Provided data below:

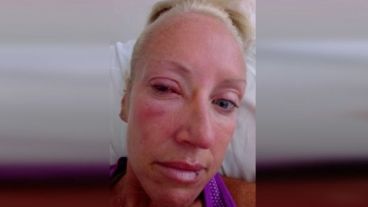 Los médicos explicaron a la mujer de 30 años que el párasito entró en su ojo porque el agua de la ducha estaba “demasiado caliente”.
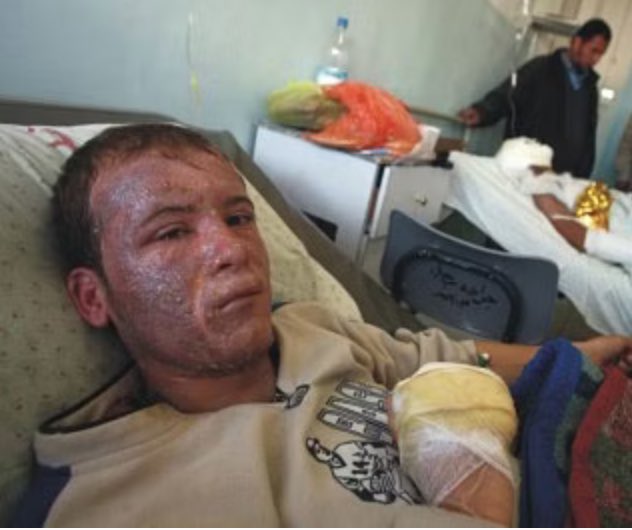 IdrissSihamedi's tweet photo. Le ministre des affaires étrangères israélien déclare : 

« Nous allons finir ces animaux humains »

Images : phosphore blanc utilisé sur les palestiniens ( femmes et enfants, civils ). https://t.co/bIPaTzVXEX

End of Provided data.

## [Exercise instructions]
An exact copy of the material above is required, free of any pictures.

## [Solution below]
 Los médicos explicaron a la mujer de 30 años que el párasito entró en su ojo porque el agua de la ducha estaba “demasiado caliente”.
 IdrissSihamedi's tweet photo. Le ministre des affaires étrangères israélien déclare : 

« Nous allons finir ces animaux humains »

Images : phosphore blanc utilisé sur les palestiniens ( femmes et enfants, civils ). https://t.co/bIPaTzVXEX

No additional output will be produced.